◆ Try it
Only the lines below from the one containing "Cadeaux de cuisine" to the one containing "ND license plate ILE641" should be repeated, both included and unchanged.

[Recorded data]
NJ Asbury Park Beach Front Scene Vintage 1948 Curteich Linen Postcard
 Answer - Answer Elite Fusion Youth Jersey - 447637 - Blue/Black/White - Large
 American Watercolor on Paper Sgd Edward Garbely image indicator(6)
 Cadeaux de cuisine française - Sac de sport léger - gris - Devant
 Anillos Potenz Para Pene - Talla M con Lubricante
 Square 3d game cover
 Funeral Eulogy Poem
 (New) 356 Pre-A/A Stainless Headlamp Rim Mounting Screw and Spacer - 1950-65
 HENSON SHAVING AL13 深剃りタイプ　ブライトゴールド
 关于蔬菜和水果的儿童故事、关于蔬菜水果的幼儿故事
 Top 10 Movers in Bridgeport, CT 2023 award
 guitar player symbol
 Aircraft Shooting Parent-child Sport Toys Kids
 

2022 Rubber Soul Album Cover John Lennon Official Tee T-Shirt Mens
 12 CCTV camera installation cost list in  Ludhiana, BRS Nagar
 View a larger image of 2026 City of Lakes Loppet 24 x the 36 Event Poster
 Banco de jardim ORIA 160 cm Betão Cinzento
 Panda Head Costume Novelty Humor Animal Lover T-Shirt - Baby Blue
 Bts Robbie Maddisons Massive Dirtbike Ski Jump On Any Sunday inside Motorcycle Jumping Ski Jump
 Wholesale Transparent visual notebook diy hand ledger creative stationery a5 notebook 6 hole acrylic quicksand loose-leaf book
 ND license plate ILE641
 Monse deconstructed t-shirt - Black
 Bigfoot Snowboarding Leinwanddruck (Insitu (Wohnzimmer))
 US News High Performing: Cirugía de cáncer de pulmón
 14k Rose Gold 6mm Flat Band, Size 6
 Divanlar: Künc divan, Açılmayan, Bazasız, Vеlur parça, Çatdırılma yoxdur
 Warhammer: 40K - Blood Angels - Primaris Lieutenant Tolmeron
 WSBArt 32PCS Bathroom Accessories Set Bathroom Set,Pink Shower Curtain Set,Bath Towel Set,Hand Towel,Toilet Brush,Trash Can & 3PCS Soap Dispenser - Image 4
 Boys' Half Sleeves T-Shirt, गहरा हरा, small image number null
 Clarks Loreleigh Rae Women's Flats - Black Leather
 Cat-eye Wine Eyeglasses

◆ Expected output
 Cadeaux de cuisine française - Sac de sport léger - gris - Devant
 Anillos Potenz Para Pene - Talla M con Lubricante
 Square 3d game cover
 Funeral Eulogy Poem
 (New) 356 Pre-A/A Stainless Headlamp Rim Mounting Screw and Spacer - 1950-65
 HENSON SHAVING AL13 深剃りタイプ　ブライトゴールド
 关于蔬菜和水果的儿童故事、关于蔬菜水果的幼儿故事
 Top 10 Movers in Bridgeport, CT 2023 award
 guitar player symbol
 Aircraft Shooting Parent-child Sport Toys Kids
 

2022 Rubber Soul Album Cover John Lennon Official Tee T-Shirt Mens
 12 CCTV camera installation cost list in  Ludhiana, BRS Nagar
 View a larger image of 2026 City of Lakes Loppet 24 x the 36 Event Poster
 Banco de jardim ORIA 160 cm Betão Cinzento
 Panda Head Costume Novelty Humor Animal Lover T-Shirt - Baby Blue
 Bts Robbie Maddisons Massive Dirtbike Ski Jump On Any Sunday inside Motorcycle Jumping Ski Jump
 Wholesale Transparent visual notebook diy hand ledger creative stationery a5 notebook 6 hole acrylic quicksand loose-leaf book
 ND license plate ILE641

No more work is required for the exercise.